Rising fuel import widens trade gap
Despite a fall in import, trade imbalance crossed $5 billion in the first seven months of the current fiscal year due to a rise in import of petroleum and fertiliser.
In July-January of fiscal 2011-2012, trade imbalance was $5.03 billion, up from $4.27 billion in the same period last year.
A Bangladesh Bank official said a fall in import could not help much in narrowing the trade gap amid a sharp decline in export growth.
In the first seven months this year, import grew by 15.51 percent against 41.79 percent in the same period last year.
However, during the period this year, exports rose by 14.71, while the growth was around 42 percent last year.
In the seven-month period this year, the export growth is one percentage point less than import growth.
Import of food, raw materials and capital machinery went down, but that of petroleum and fertiliser marked a sharp rise.

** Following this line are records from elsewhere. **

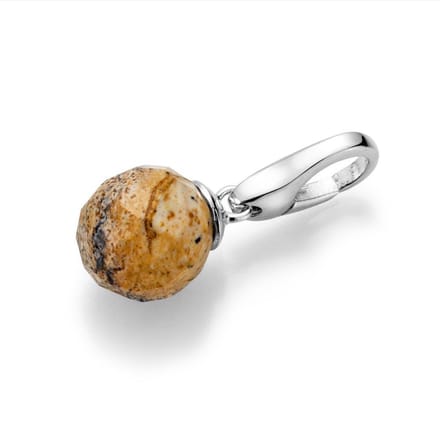 Bedel | charm | sterling zilver | jaspis | symbool ontspanning| karabijn | hanger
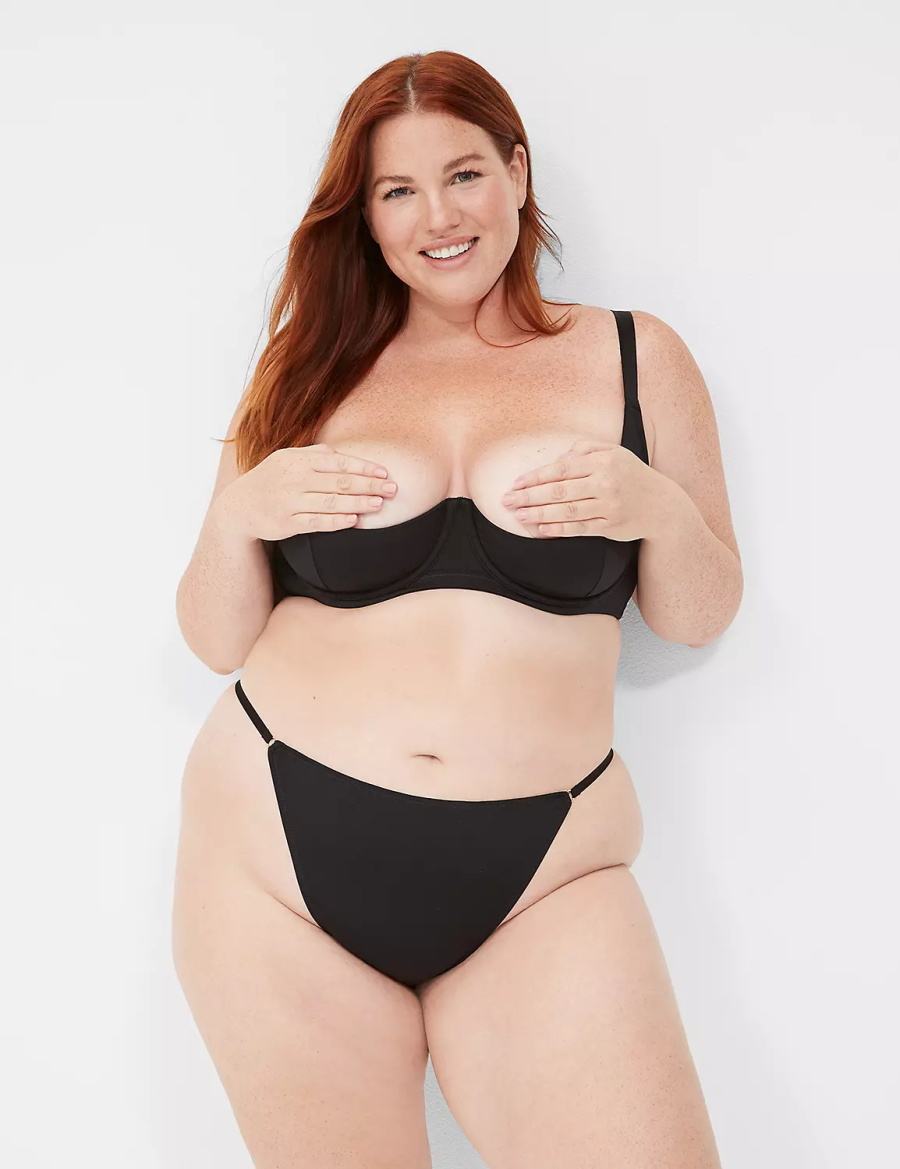 Women Lane Bryant Chain Embellished Thong Panty Black | ARW8374VU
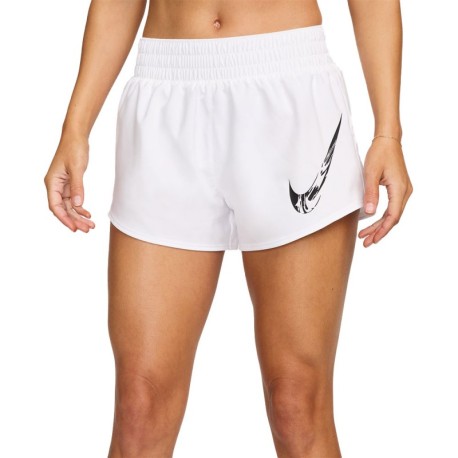 Nike Pantaloncini Running One Swoosh Bianco Nero Donna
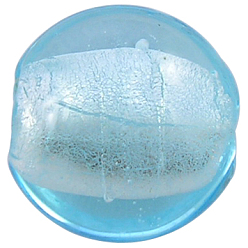 Голубой Стеклянные бусины, с фольгой внутри, ручная работа, плоско-круглые, голубой, диаметром около 12 мм , толщиной 8 мм , отверстие : 2 мм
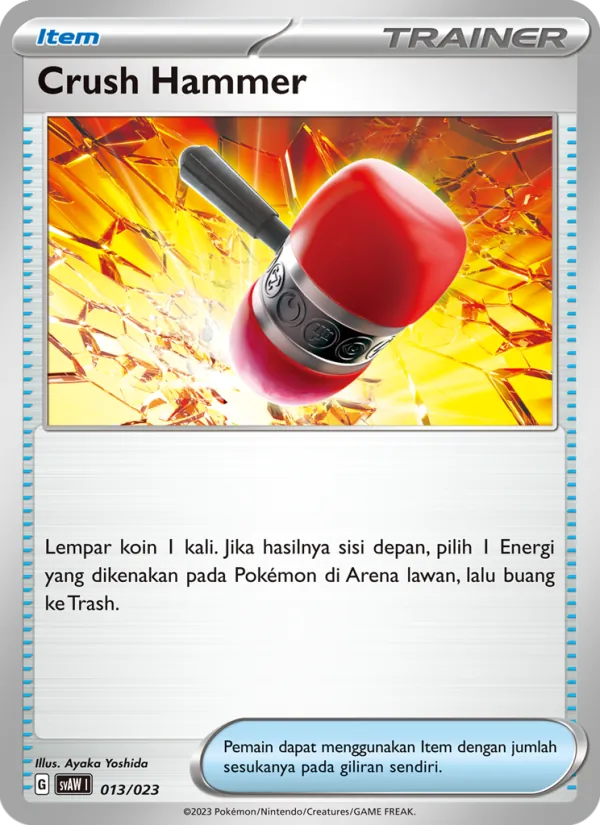 Kartu Crush Hammer dari Quaxly & Mimikyu ex, nomor 013/23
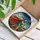 Pilgrim Figure Red Cape Cross Staff - Religious Home Decor Gift Stained Glass Suncatcher - 3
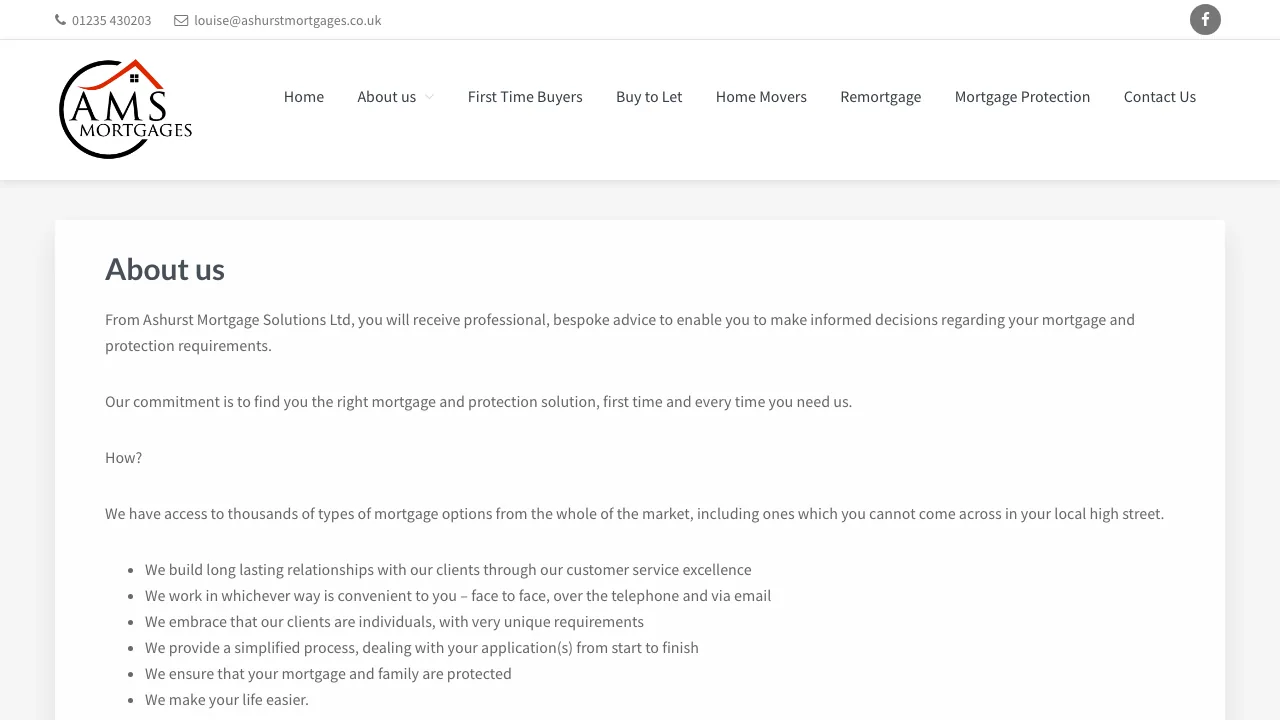 Ashurst Mortgage Solutions Ltd website preview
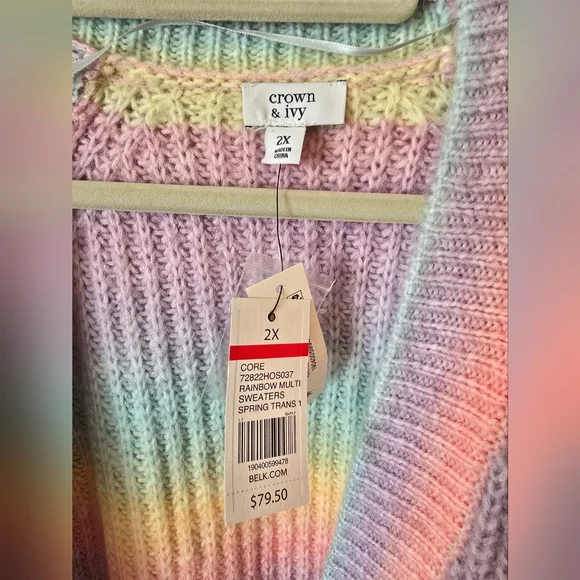 NWT Size 2XL Crown & Ivy Multicolor Open-Front Cardigan - Picture 2 of 3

According to letter of credit settlement statistics, petroleum import shot up by 49 percent in the first seven months of the current fiscal year. Such growth was 35 percent during the same period last year.
LC opening for petroleum import soared by 93 percent in the first seven months this year, while LC opening for petroleum products fell by 7 percent during the same period last year.
The rising import payments were primarily caused by higher demand for imported petroleum to meet the requirement of fuel-based rental power plants.
The Centre for Policy Dialogue (CPD) in its half-yearly report on the current economy said, “Almost one third of the incremental import payments during the first seven months of the fiscal year was attributed to imports of petroleum products.”
Deficit in the balance of payment also widened this time due to a spread in the trade imbalance.
In the seven months, deficit in the overall balance was $813 million, which was $711 million during the same period last year.
The BB official said they have taken various steps in the recent times to ease import pressure. Such measures include encouraging banks not to open LCs for luxury goods.
A positive impact of these measures has also been felt in the foreign currency market.
The taka had been losing against the US dollar almost every day until mid-February this year, and hit around Tk 84.
But from the beginning of March, the dollar has been sold in the range of Tk 81 to Tk 82.